La glaciation du Wisconsin, il y a 18 000 ans, nommé l’Inlandsis laurentidien, recouvrait entièrement l’Est du Canada jusqu’aux Rocheuses et une partie des États-Unis
(Figure C). Cette immense masse de glace a façonné le paysage par son action d’érosion et de transport de sédiments.

Figure C

Le poids du glacier a fait enfoncer le continent amenant ainsi l’emplacement de Montréal à renfoncer de 120 mètres, c’est-à-dire qu’il se trouvait sous le niveau de la mer actuelle. Le glacier se déplaçait d’Ouest en Est, creusant ainsi l’emplacement du futur fleuve Saint-Laurent. Le mont-Royal était alors sous les glaces qui ont érodé les roches calcaires tout autour, laisant poindre la montagne qui est formée de roches plus dures.

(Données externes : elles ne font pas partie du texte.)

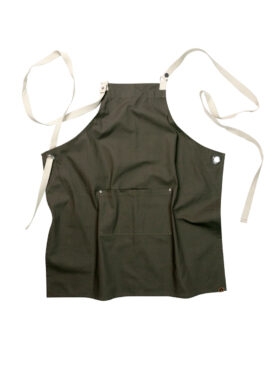 Byron Cross-Back Apron (ACRS602) - Khaki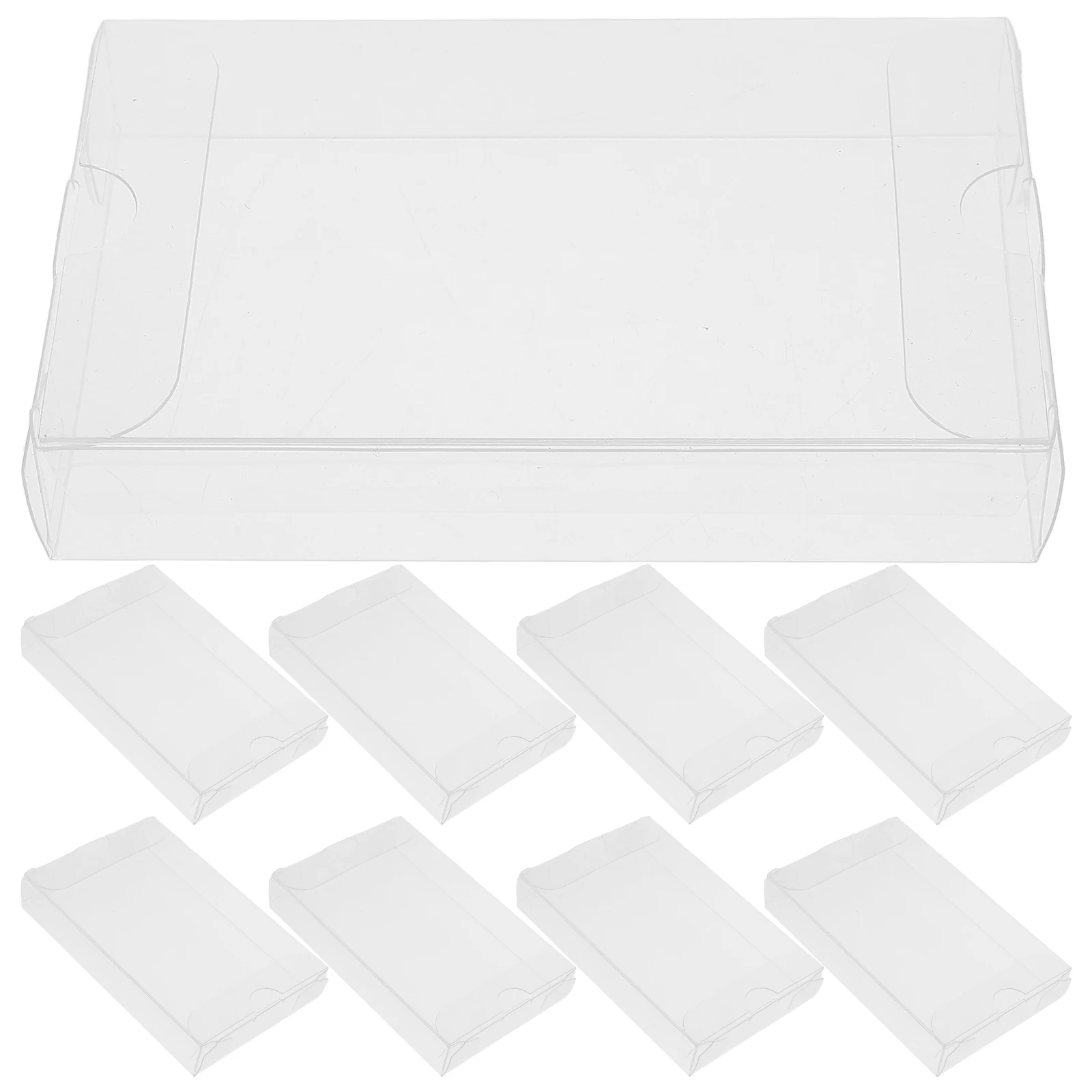 

10 Pcs Tape Storage Box Audio Case Cassette Cases Pvc Archival Blank Holder Container Preservation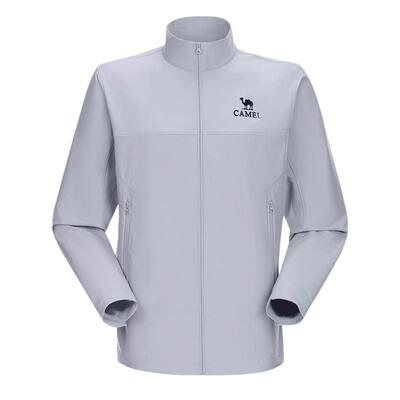 骆驼软壳衣男2025立领登山外套女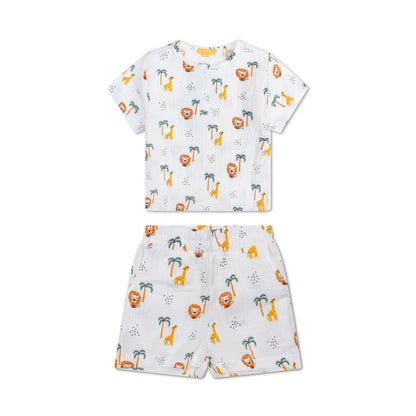 Beachwear Boys - Muslin - Multicolor - Jungle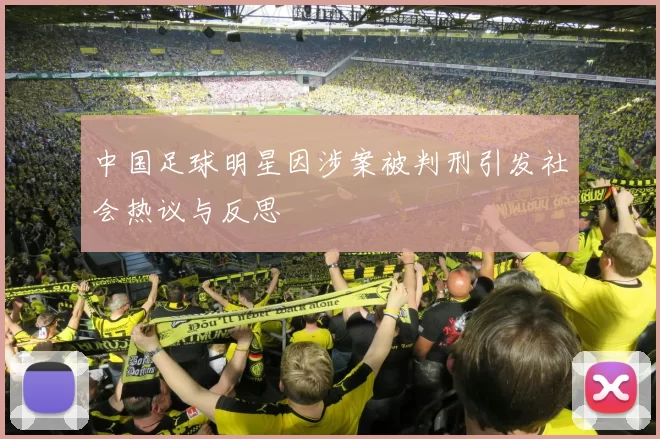中国足球明星因涉案被判刑引发社会热议与反思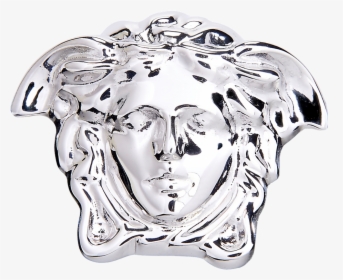 #versace #logo #silver #freetoedit - Illustration, HD Png Download, Transparent PNG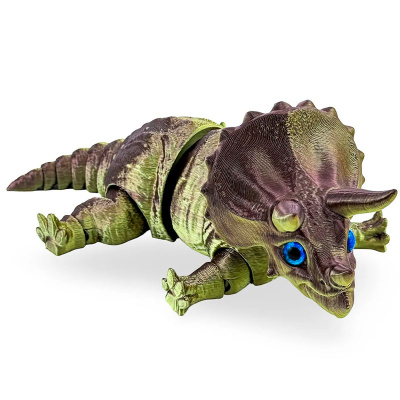 Подвижная 3D-игрушка Трицератопс Большая Берта FunBerry Toys 709
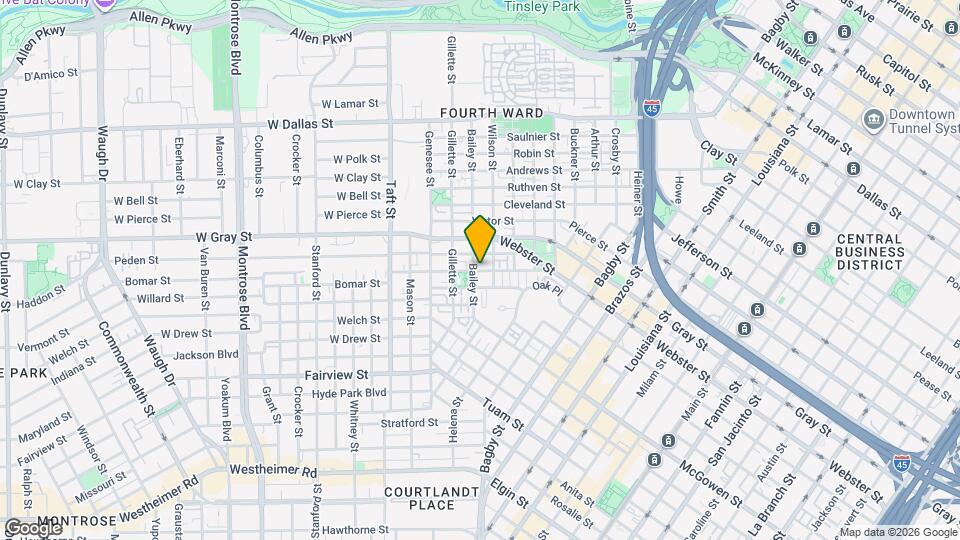 1428 W Webster St Map and Location Details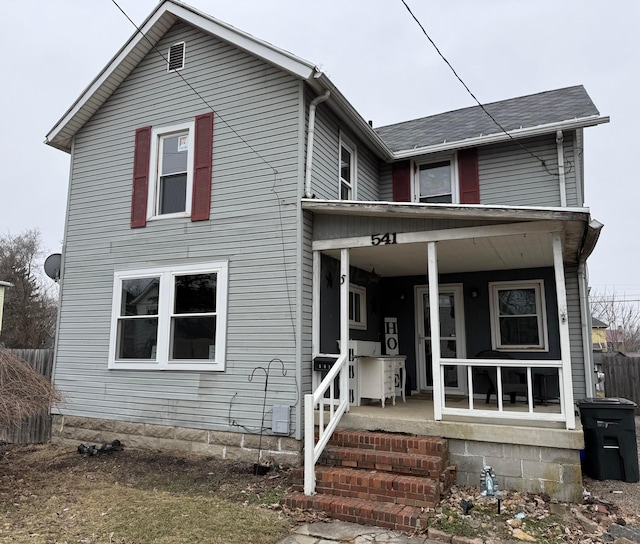 view of front facade with a porch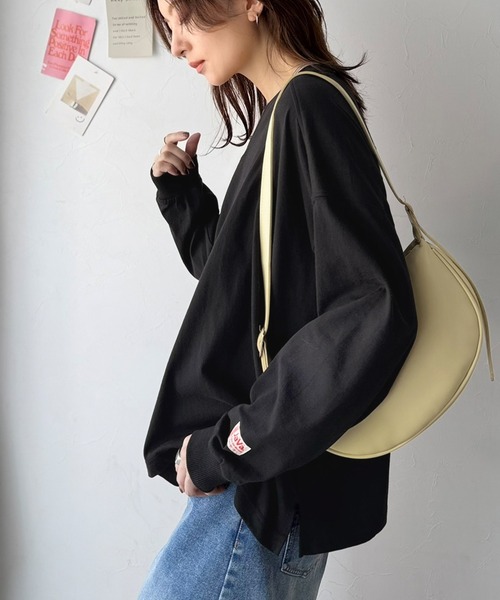 Java(ジャバ)の「《JaVa ジャバコラボ》シンプルなのに、存在感。綿100%Vネック切り替えロンT(長袖)(Tシャツ/カットソー・レディース・オフホワイト/ブラック/オートミール/チャコール・X-LARGE/SMALL/MEDIUM/LARGE)」の18枚目の写真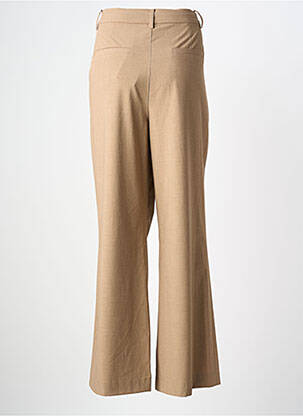 Pantalon droit taille à pinces taille normale beige JC.SOPHIE femme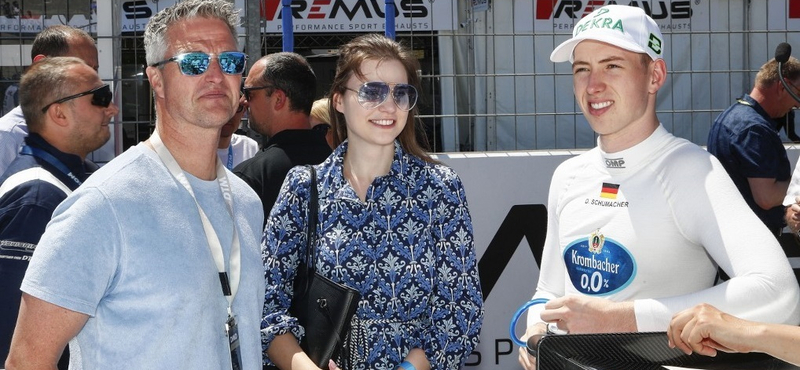 Ralf Schumacher fia nagyon örül, hogy az apja megtalálta a szerelmet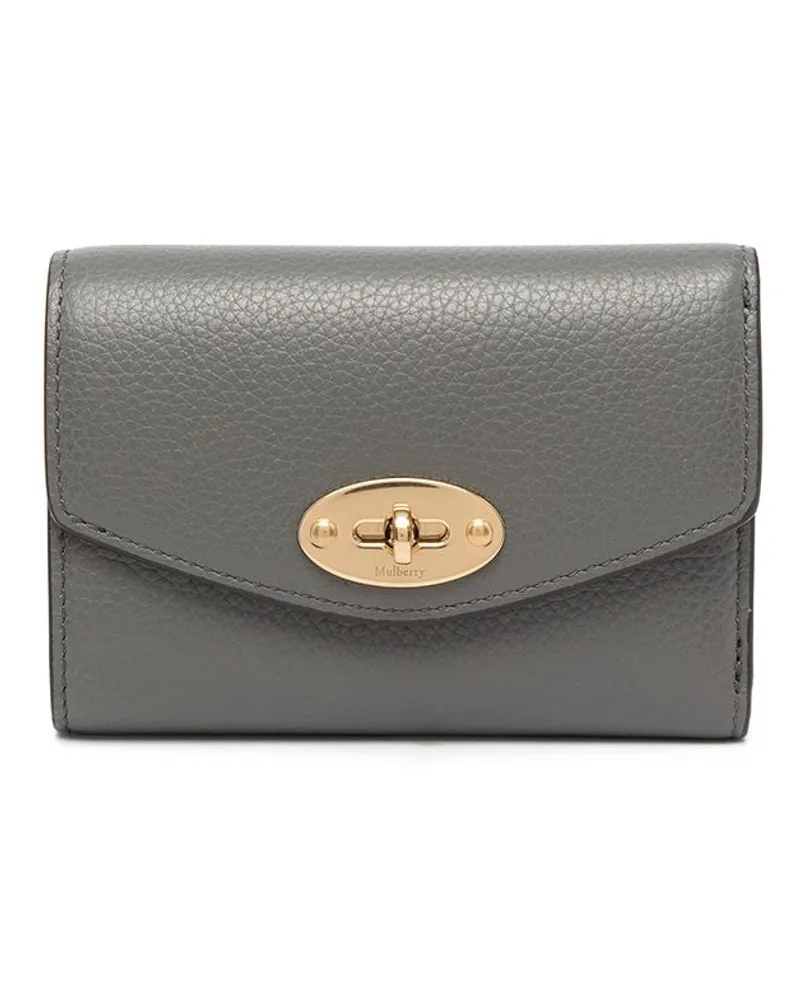 Mulberry Kleines Darley Portemonnaie Grau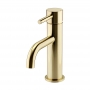 Prestige Ottone Mono Basin Mixer Tap - Brushed Brass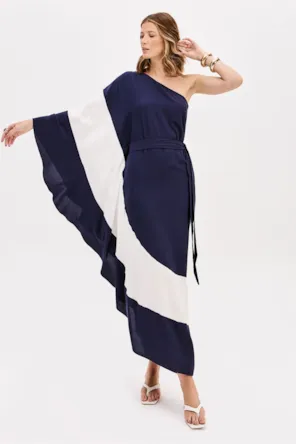 VESTIDO OMBRO UNICO ASSIMÉTRICO LANÇA PERFUME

Après la dernière fonte des glaces, ayant commencé il y a environ 11 600 ans, l’eau salée de l’océan Atlantique s’est alors engouffrée par notre grand fleuve, le Saint-Laurent, pour combler cet immense trou libéré par le glacier. La mer intérieure ainsi créée, fut nommée la mer de Champlain.  Prévost se situait alors sur le rivage nord de la Mer de Champlain (Figure D).

Figure D

Pourquoi la mer de Champlain est-elle disparue ?

Après la fonte du glacier recouvrant la région de Montréal, l’eau de la mer de Champlain est retournée lentement vers l’océan alors que le continent se relevait comme un ressort, après s’être libéré du poids des glaces, en dégageant des escarpements, des éboulis et répandu de l’argile et autres sédiments laissés par la Mer de Champlain.

Pourquoi trouvons-nous des plantes des montagnes Rocheuses dans nos falaises ?

Figure E

 

Figure F

Nos falaises sont constituées de roches inertes qui procurent très peu d’éléments minéraux essentiels pour les plantes. Ainsi, les botanistes s’accordent pour dire que les Laurentides en général, sont un endroit très pauvre en diversité végétale si on la compare aux régions calcaires du sud du Québec. La nature a incrusté parmi les roches de Prévost, des cristaux de carbonate de calcium (craie) semblables à du marbre, qu’on peut observer le long des failles de nos falaises (Figure G).

Figure G

Les failles se forment lorqu’il y a différentes sortes de minéraux, ce qui crée une cassure.  La pluie fait ressortir le calcium, élément essentiel aux plantes dites «calcicoles», en les nourrissant de façon hydroponique, en quelque sorte, ce qui augmente la qualité minérale.

Les montagnes Rocheuses sont constituées de roches calcaires et ces plantes calcicoles, surtout celles exigeant le plein soleil, ont pu subsister après leur migration sur le front glaciaire, en restant accrochées aux parois de nos falaises.

La présence exceptionnelle de calcium favorise certaines plantes calcicoles des montagnes de l’Ouest canadien, et constitue un trésor, car nous trouvons cette caractéristique en bien peu d’endroits, comme à Eardley (massif au nord de Gatineau), comme dans Charlevoix et aussi au Bic, dans le Bas Saint-Laurent le long des escarpements et falaises. Nulle part ailleurs au nord de Montréal, on ne retrouve cette exigence. Voilà pourquoi nous observons des plantes rares dans nos falaises.